Das ist der coolste Teil. Das Werkzeug weiß nicht nur, wo der Code ist, sondern schaut sich auch an, was er tut. Es sucht nach verdächtigen Mustern, wie ein erfahrener Spürhund nach Drogen riecht:

  • Die „NOP-Schlitten": Hacker füllen oft Code mit vielen „Nichts-Tun"-Befehlen (NOP), um Fehler zu überbrücken. Das Werkzeug erkennt diese leeren Flächen sofort.
  • Die „versteckten Wörter": Hacker bauen manchmal geheime Wörter (wie Passwörter oder Befehle) Buchstabe für Buchstabe auf dem Stapel (Stack) zusammen, damit sie beim bloßen Hinschauen nicht zu lesen sind. Das Werkzeug baut diese Wörter im Kopf wieder zusammen und liest sie vor.
  • Die „API-Hashing": Hacker nennen ihre Ziele oft nicht beim Namen, sondern nutzen mathematische Tricks, um zu sagen: „Rufe die Funktion Nummer 42 auf". Das Werkzeug rechnet das zurück und sagt: „Aha, du willst eigentlich das Passwort stehlen!"

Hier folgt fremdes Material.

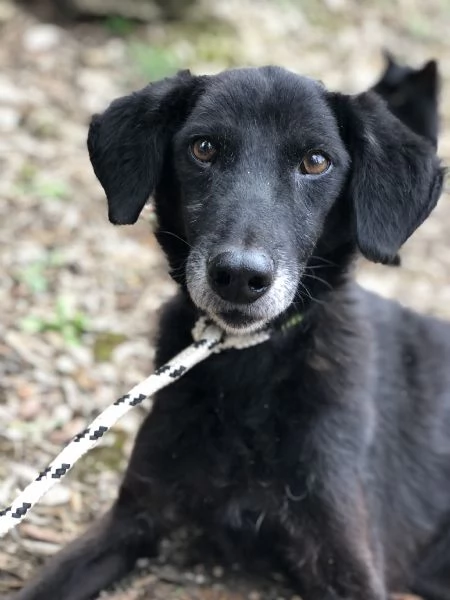 Rambo canile basso lazio | Foto 5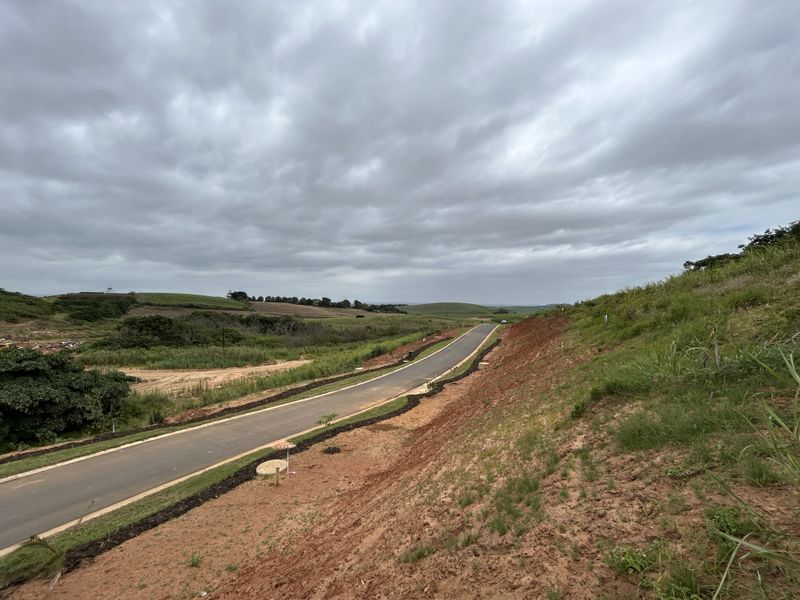 Elevated Stand with Lovely Estate Views - Photo 5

4. Die flexible Lupe (Anpassung)

Das Werkzeug ist nicht starr. Der Ermittler kann einstellen:

  • Wie viele Zeilen Code er sehen will (nicht nur die ersten 64 Bytes).
  • Ob er nach ganz bestimmten Mustern suchen soll (mit eigenen Regeln oder „YARA"-Regeln, die wie ein Wunschkatalog für Hacker-Code funktionieren).

Warum ist das wichtig?

Bisher mussten Ermittler diese „Wecker" manuell suchen, was extrem langweilig und fehleranfällig war. Man musste oft stundenlang durch Code wühlen.
TLSCheck 2.0 automatisiert diesen Prozess. Es sagt dem Ermittler sofort: „Hier ist ein verdächtiger Wecker! Er versucht, sich gegen das Debuggen zu wehren und baut geheime Befehle zusammen."

Ein kleines „Aber" (Die Grenzen)

Das Werkzeug ist stark, aber nicht magisch. Es kann nur das finden, was gerade im Gedächtnis ist. Wenn ein Hacker sein Programm beendet hat und der Computer neu gestartet wurde, ist der Beweis im Gedächtnis weg. Das Werkzeug kann nicht in die Vergangenheit reisen, um Dinge zu finden, die nicht mehr im RAM sind.

Fazit

TLSCheck 2.0 ist wie ein neuer, super-scharfer Detektiv für die digitale Welt. Es hilft uns, die unsichtbaren Tricks von Hackern aufzudecken, die versuchen, sich im „Vorzimmer" des Computer-Programms zu verstecken. Da es als Open-Source-Tool zur Verfügung gestellt wird, können alle Sicherheitsforscher weltweit damit arbeiten, um das Internet sicherer zu machen.

Kurz gesagt: Es macht das Unsichtbare sichtbar, bevor es zu spät ist.